# Trajectories of Social Isolation and Loneliness and Advance Care Planning among U.S. Older Adults

**Authors:** Ke Li, Yifan Lou, Jing Wang

PMC · DOI: 10.1093/geroni/igaf122.3677 · 2025-12-31

## TL;DR

This study explores how social isolation and loneliness over time affect advance care planning among older adults in the U.S.

## Contribution

It identifies distinct trajectory patterns of social isolation and loneliness and their gender-specific impacts on advance care planning.

## Key findings

- High start-stable social isolation is linked to lower odds of advance care planning discussions and DPAHC.
- Loneliness trajectories also significantly affect DPAHC and discussions, with gender differences observed.
- Targeted interventions are needed to address social isolation and loneliness to improve advance care planning.

## Abstract

Social isolation and loneliness are critical public health concerns that may interfere with end-of-life care preferences. However, their relationships with advance care planning (ACP) remain unclear. Using three-wave data from the Health and Retirement Study, this study identified trajectory patterns of social isolation and loneliness and explored their associations with ACP. Social isolation index was generated using five indicators of marital status, social participation, and frequency of contact. Loneliness was measured by the UCLA loneliness scale. Three dimensions of ACP were considered: living will, Durable Power Attorney for Health Care (DPAHC), and ACP discussions. Group-based trajectory model identified four distinct trajectories for both social isolation (low start-decreasing, low start-increasing, moderate-start stable, high start-stable) and loneliness (low start-stable, low start-increasing, moderate start-decreasing, high start-stable). The results of logistic regression models indicated that both trajectories were significantly related to discussion and DPAHC, but not living will.
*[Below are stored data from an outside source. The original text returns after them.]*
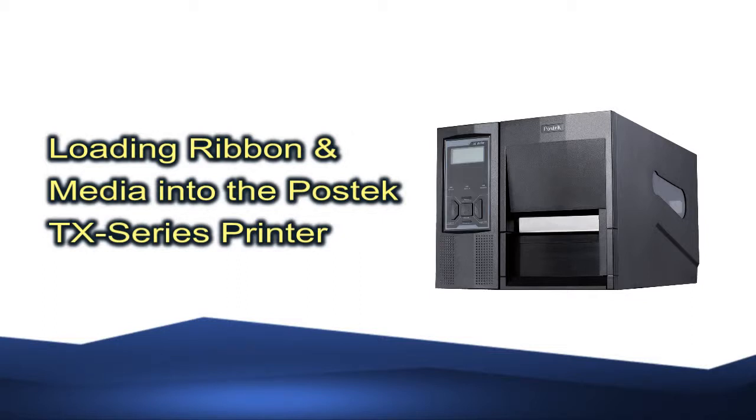Postek's TX series printers provide an optimal solution to produce thermal labels and barcodes for industrial applications. We will demonstrate how easy it is to load ribbon and media in this video in the following four segments.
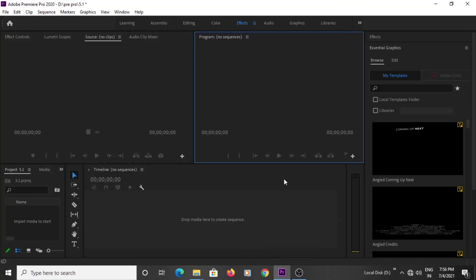Hello everyone, welcome to the music and sound effect. If you look at the music and sound effect, you can see the music and sound effect. The video is on the stereo and 5.1. The stereo is on the right and left. The 2.1 is on the sub and 5.1 is on the sub. The stereo is on the 2.1, the 5.1 is on the 5.1.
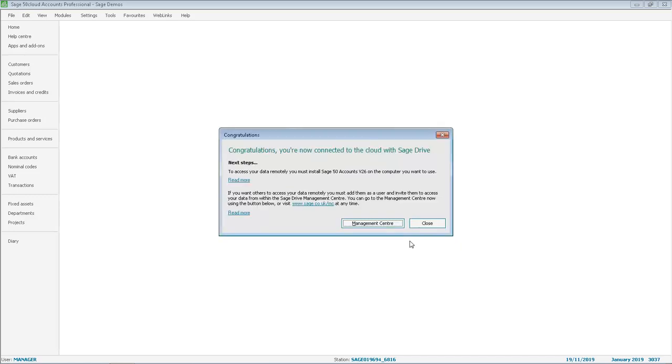Once complete, the congratulations window appears and you are prompted to access the management center or to close out of the window. The management center is used to add your users and that is covered in a separate video.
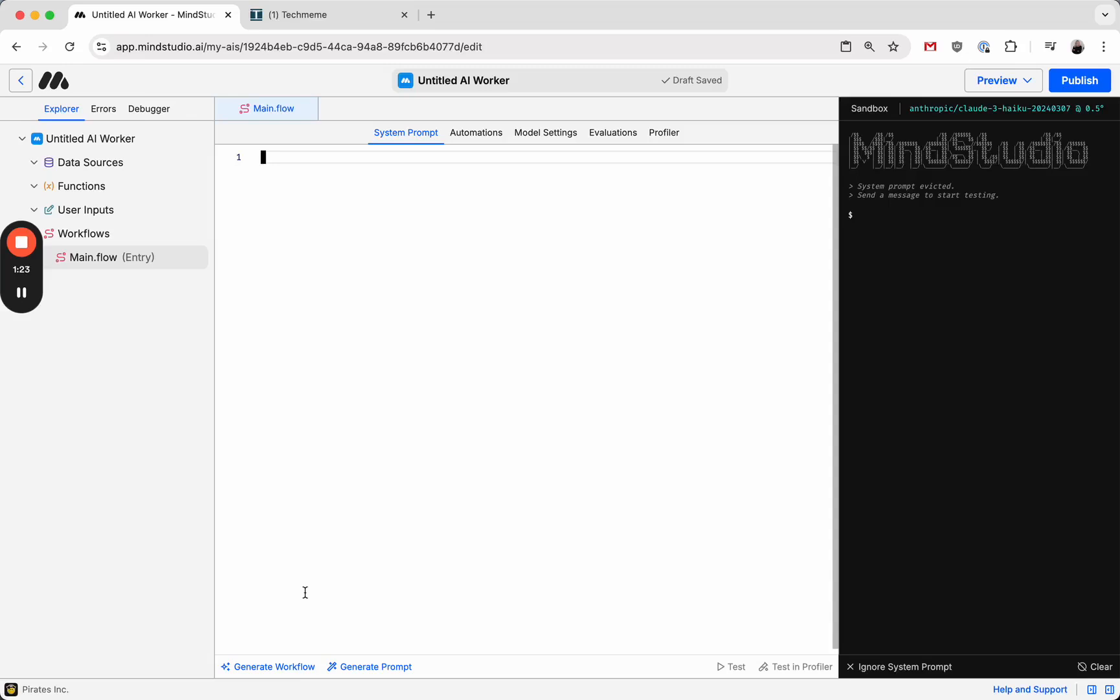Today we released the ability to generate designs and PDFs in MindStudio, and I want to show you just how easy it is to do.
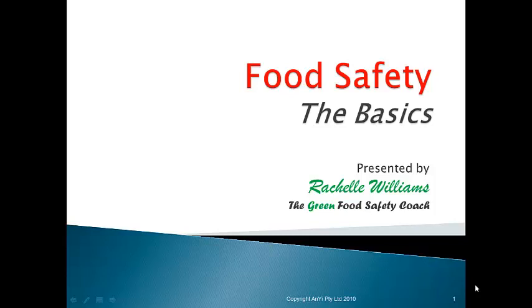Hi and welcome to Food Safety: The Basics. This is an introduction as part of your induction to food safety. We're going to cover all the basics so that when you're actually working in your business, you'll be able to make sure that you keep yourself, your customers, and the business safe.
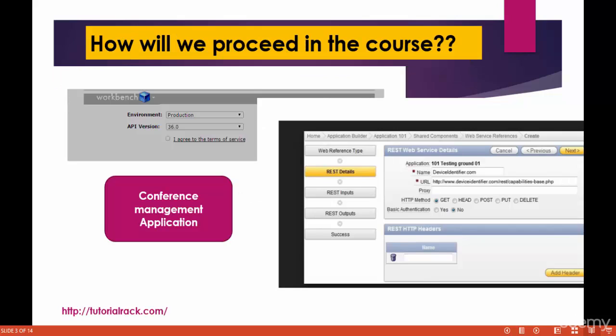How are we going to proceed in the course? We will start with the workbench tool — we'll talk about what workbench is and try to learn everything about it. Using the workbench, we will be calling our RESTful APIs. Then I will move towards RESTful web services, covering the very basics and also proceeding to advanced RESTful with some advanced examples.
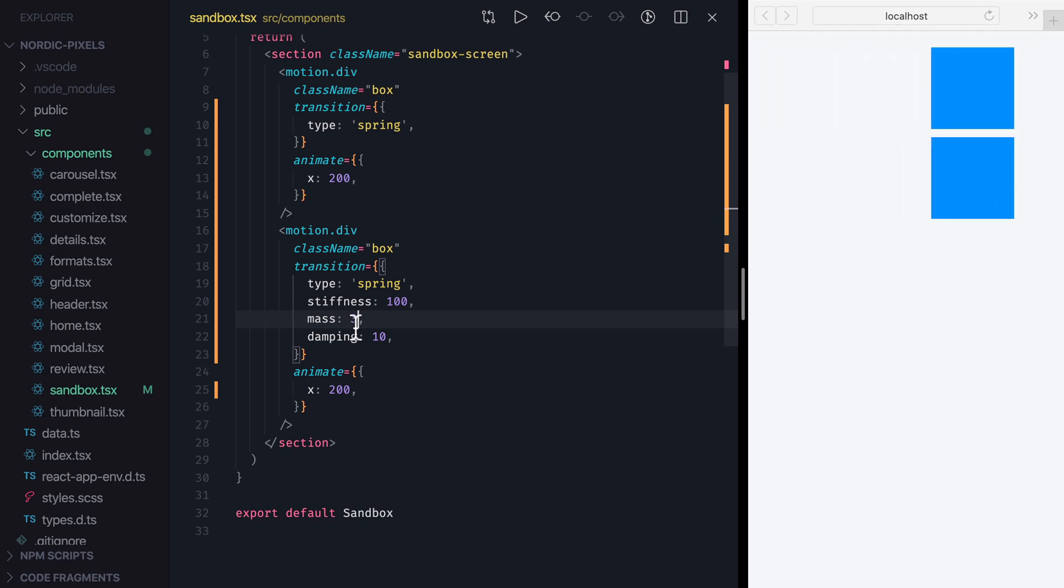Finally, Damping describes the strength of the opposing force, so larger values will result in fewer oscillations and vice versa. We can set Damping to 5, save changes, and now it will take longer for the box to settle in its final position.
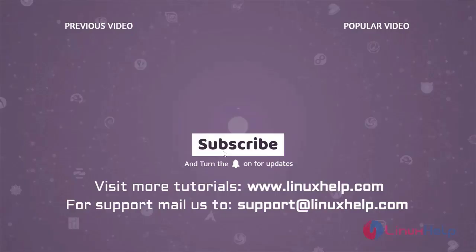Thank you for watching this video. If you like it, please subscribe to our channel. To learn more tutorials, visit www.linuxhelp.com. If you have any queries, mail us to support at linuxhelp.com.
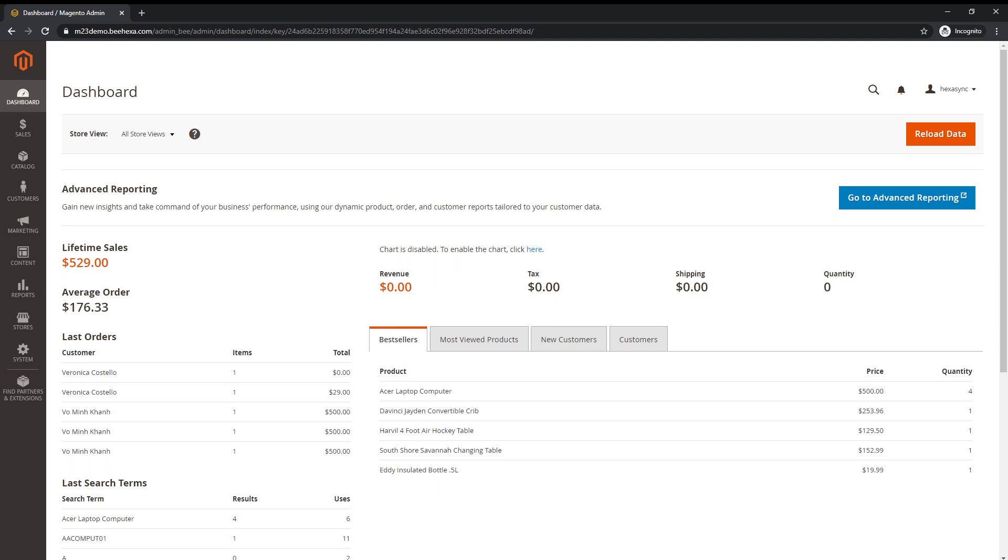After signing in with your admin account, Dashboard is usually the first page that appears. It provides a quick overview of the sales and customer activity in your store.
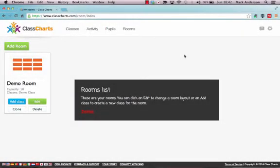Hi there, I'm just making this short video screencast to show how you go about setting up your classroom or your seating plan for your class using ClassCharts.com.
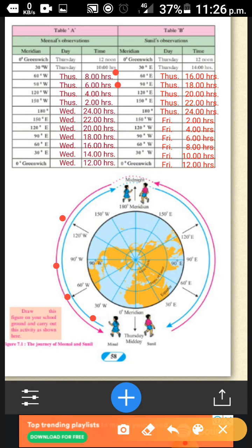So that is what we have shown in the table — at 0 degrees it is 12 noon, and as Meenal moves towards the eastern side, each 30-degree time change gives 8 hours, then 6 hours, then 4, then 2, and so on. When it comes to the 180-degree meridian, the time will be 24 hours. After that it goes 22, then 20, then 18, then 16.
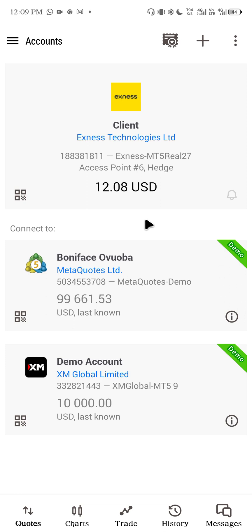I've solved the problem of authorization failed. This is also applicable if you are using Deriv as your broker. Let me try logging in with my Deriv broker as well — for those of you using Deriv, this is how you also do it.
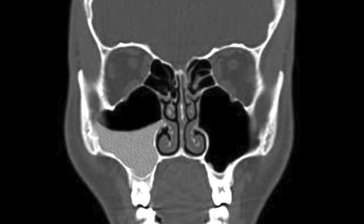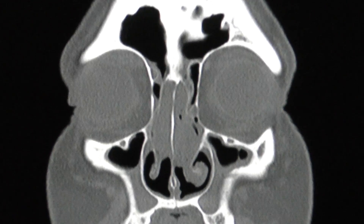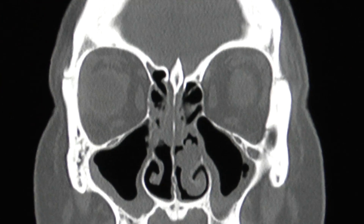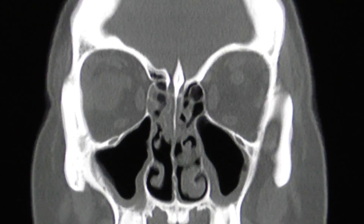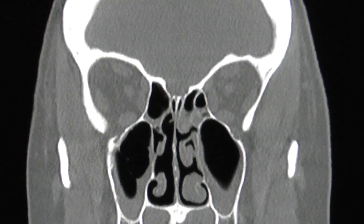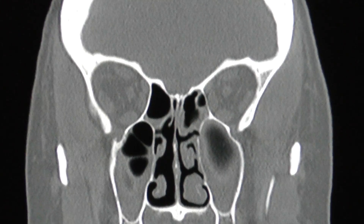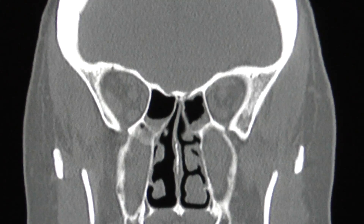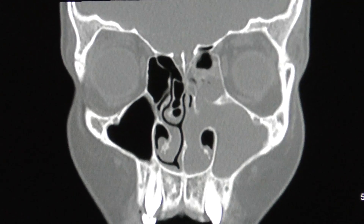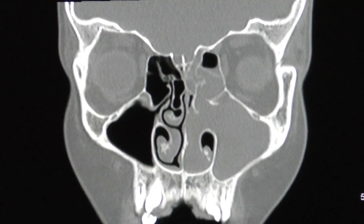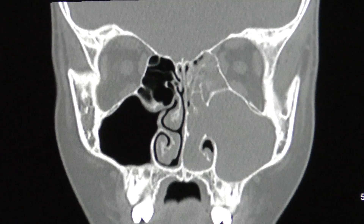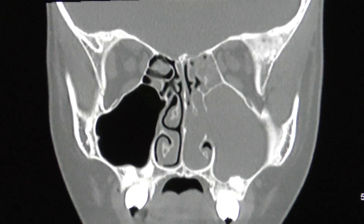If mucosal swelling suggestive of chronic sinus disease is present, there would be a more circumferential gray discoloration around the sinus cavities as shown here. If extensive nasal polyps are present, there may be very little black or air present in the sinus cavities.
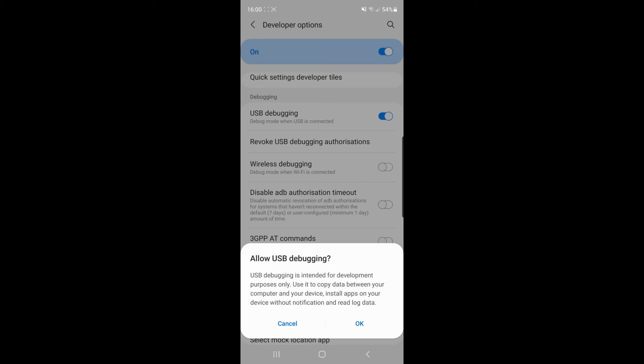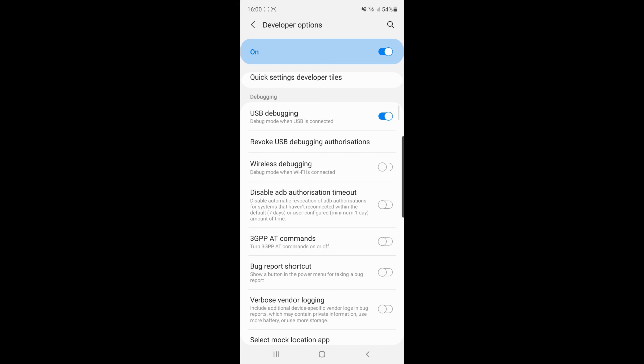If you toggle that on, you will get this little pop-up. If you are happy with this, click OK and then that will mean USB debugging is now enabled on your mobile phone. It's just as simple as that guys.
The high start-stable isolation group had the lowest odds of having discussion across groups and lower odds of having DPAHC than those with moderate start-stable isolation. Compared to low start-stable loneliness group, low start-increasing loneliness group was less likely to have DPAHC. The odds of having discussion were significantly lower among the groups of high start-stable loneliness and low start-increasing loneliness than those with low start-stable loneliness. Gender-specific analyses showed that females were affected by both social isolation and loneliness, whereas males were solely affected by social isolation. The findings highlight the importance of developing targeted interventions to address social isolation and loneliness to increase ACP.